EXERCISE GOAL:
Repeat precisely the line in which "Used 2024 Toyota Corolla LE FWD image 30" occurs and all lines that follow it in the entries below. Pictures must be omitted.

━━ DATA UNDER STUDY

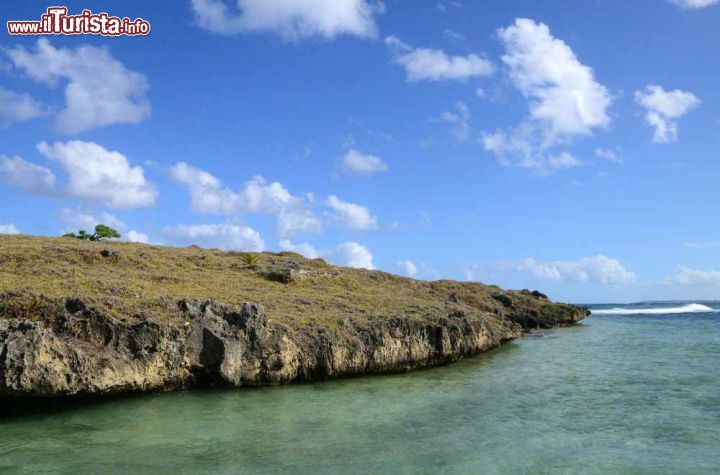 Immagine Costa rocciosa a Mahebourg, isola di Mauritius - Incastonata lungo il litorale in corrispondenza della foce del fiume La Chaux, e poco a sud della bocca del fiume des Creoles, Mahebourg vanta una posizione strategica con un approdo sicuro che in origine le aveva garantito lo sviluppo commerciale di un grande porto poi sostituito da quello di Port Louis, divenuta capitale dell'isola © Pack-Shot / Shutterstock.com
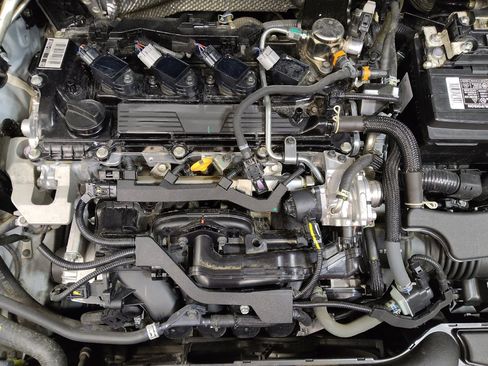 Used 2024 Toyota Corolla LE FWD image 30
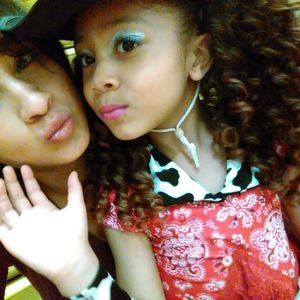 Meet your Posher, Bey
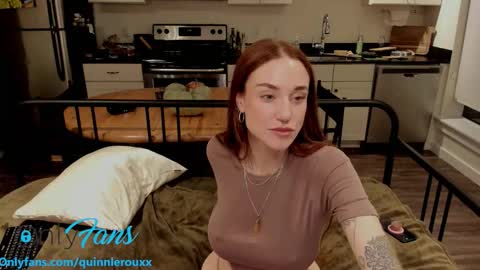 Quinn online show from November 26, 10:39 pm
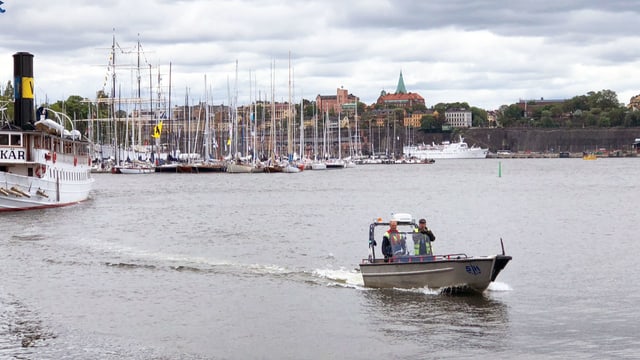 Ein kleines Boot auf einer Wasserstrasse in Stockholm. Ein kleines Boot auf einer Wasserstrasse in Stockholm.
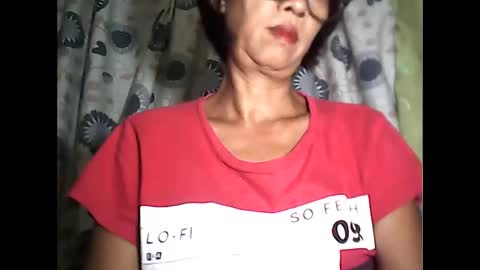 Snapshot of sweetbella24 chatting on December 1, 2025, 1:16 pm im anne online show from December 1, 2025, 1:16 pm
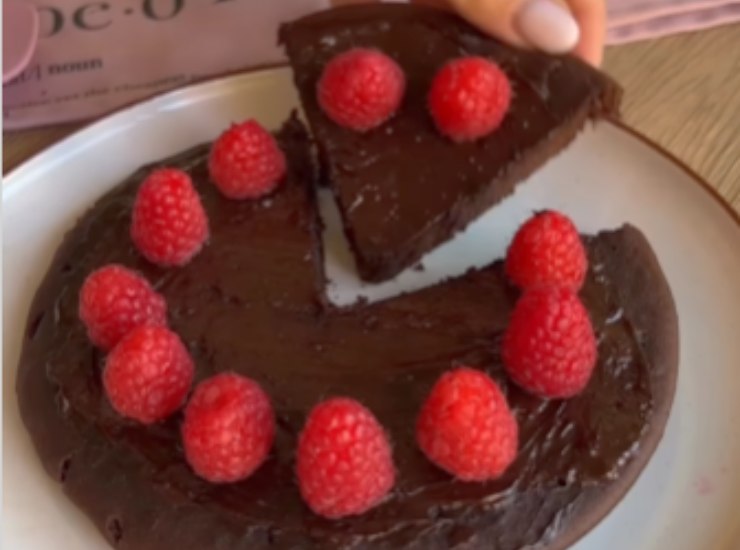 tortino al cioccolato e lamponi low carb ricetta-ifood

━━━━

RESPONSE TO THE TASK:
 Used 2024 Toyota Corolla LE FWD image 30
 Meet your Posher, Bey
 Quinn online show from November 26, 10:39 pm
 Ein kleines Boot auf einer Wasserstrasse in Stockholm. Ein kleines Boot auf einer Wasserstrasse in Stockholm.
 Snapshot of sweetbella24 chatting on December 1, 2025, 1:16 pm im anne online show from December 1, 2025, 1:16 pm
 tortino al cioccolato e lamponi low carb ricetta-ifood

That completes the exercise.